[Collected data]
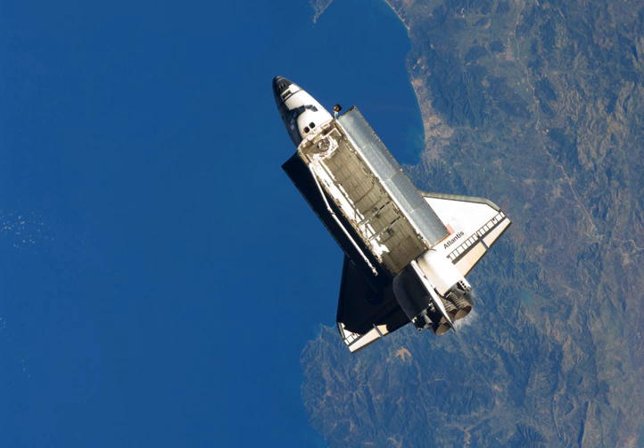Atlantis rolled out from the VAB to launch complex 39A on October 14, 2009 at 6:38 Eastern Daylight Saving Time on the crawler transporter. The 3.4-mile (5.5 km) rollout was completed with the launch platform secured at about 13:31 Eastern Daylight Saving Time. The Final Flight Readiness Review (FRR) meeting took place at Kennedy Space Center during the last week of October 2009. The FRR approved the installation of a special minicam pointing out of window 4 on Atlantis's flight deck to film the forward portion of the external tank during ascent, capturing behavior of LO-2 ice frost ramps (IFRs).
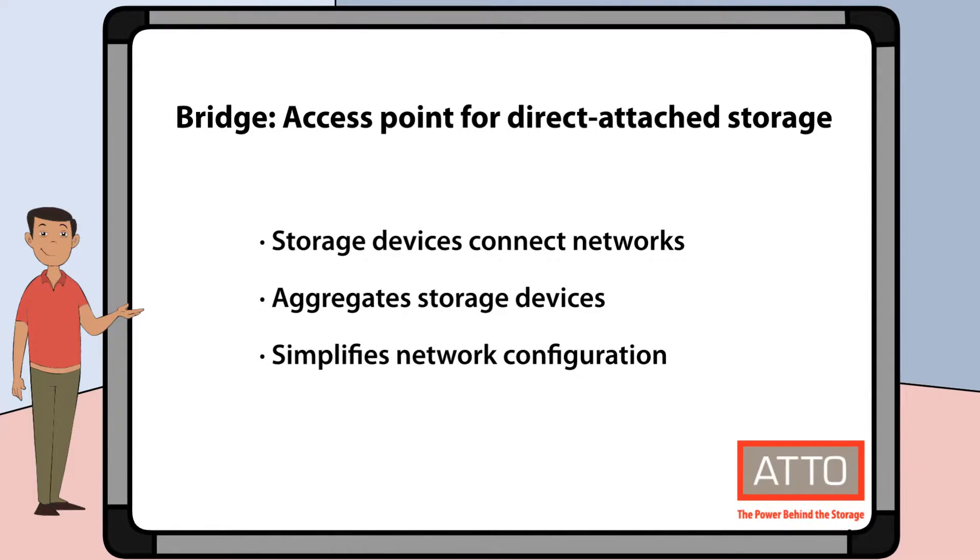And now the second part of our phrase: bridge. A bridge is an access point for direct attached storage to connect to storage networks. Block storage devices connect to Fibre Channel and Ethernet storage networks. It aggregates smaller storage devices so that they can be managed as a single device, and it simplifies your network configuration and provides additional flexibility.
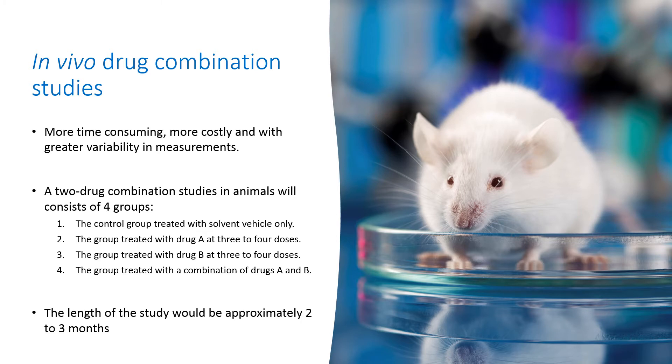For a two-drug combination therapeutic study in animals, it usually consists of four groups. First, the control group treated with solvent vehicle only. Second, the group treated with drug A at three to four doses. Third, the group treated with drug B at three to four doses. And fourth, the group treated with a combination of drugs A and B, at a constant combination ratio such as at the ED50 ratio, with several combination dose levels, or at non-constant combination ratios, by keeping a constant dose of drug A and varying the dose of drug B at several levels. Each dose is used in four to five animals.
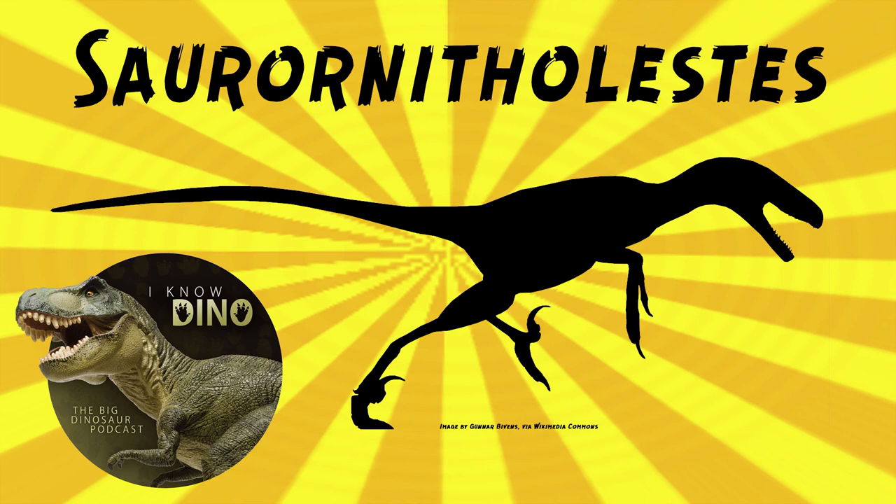In 2001, Jacobson described a Saurornitholestes dentary with three tooth marks on the surface. Two were made by serrations from another dinosaur's teeth — too different to be from Saurornitholestes itself — most likely from a juvenile Tyrannosaurid like Gorgosaurus or Daspletosaurus, which were also found in the Dinosaur Park Formation.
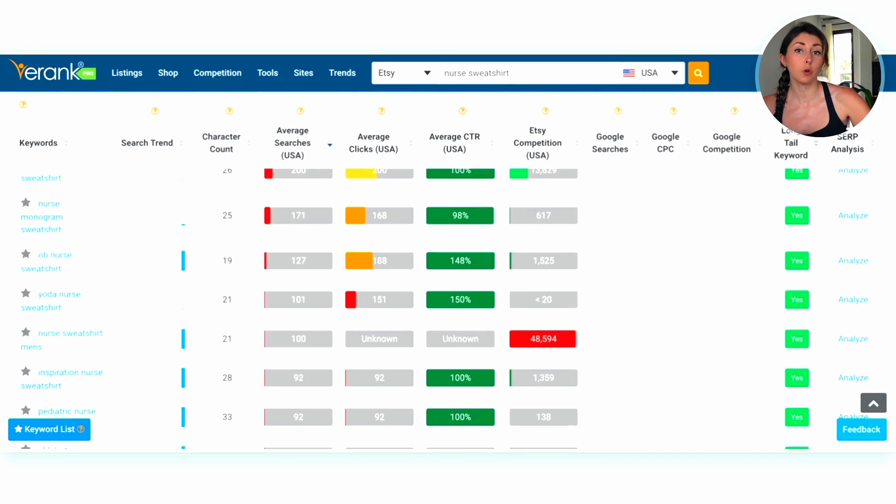I find this super helpful if I ever want to do things like holidays. Holidays are super oversaturated, especially Christmas. So if you did want to design for holidays, this is a great way to find sub-niches within Christmas or any other holiday that you have a better chance of ranking for.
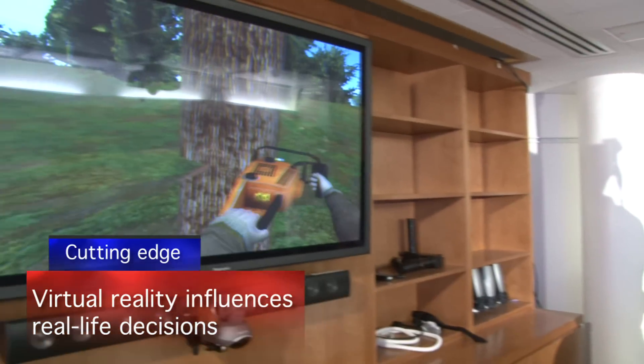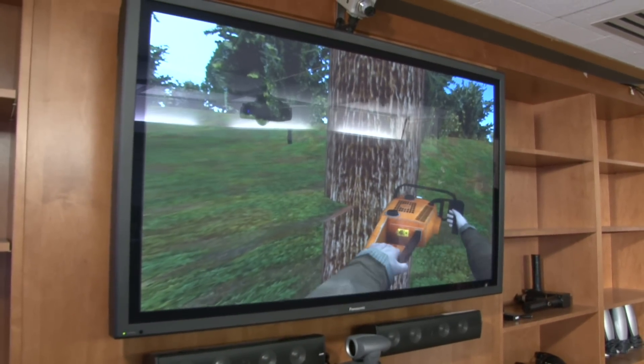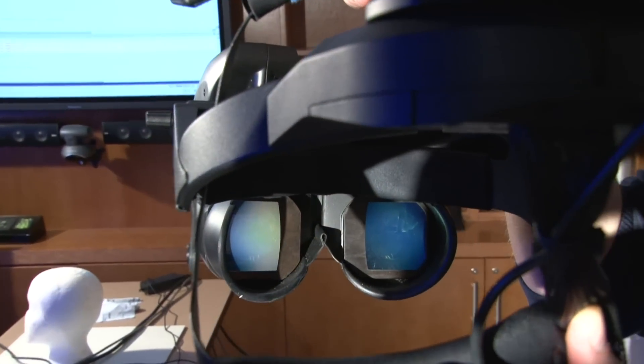Virtual reality is great because we can immerse people in situations we wouldn't be able to normally test in a lab. The point of the tree study is to look at how different levels of immersion in a virtual world carry back into the physical world.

Exercise directions » A clean copy is needed of the lines above from the one with "And now the" up to and including the one with "For a two-drug". Please set it down exactly, with no pictures.

Solution »
And now the second part of our phrase: bridge. A bridge is an access point for direct attached storage to connect to storage networks. Block storage devices connect to Fibre Channel and Ethernet storage networks. It aggregates smaller storage devices so that they can be managed as a single device, and it simplifies your network configuration and provides additional flexibility.
For a two-drug combination therapeutic study in animals, it usually consists of four groups. First, the control group treated with solvent vehicle only. Second, the group treated with drug A at three to four doses. Third, the group treated with drug B at three to four doses. And fourth, the group treated with a combination of drugs A and B, at a constant combination ratio such as at the ED50 ratio, with several combination dose levels, or at non-constant combination ratios, by keeping a constant dose of drug A and varying the dose of drug B at several levels. Each dose is used in four to five animals.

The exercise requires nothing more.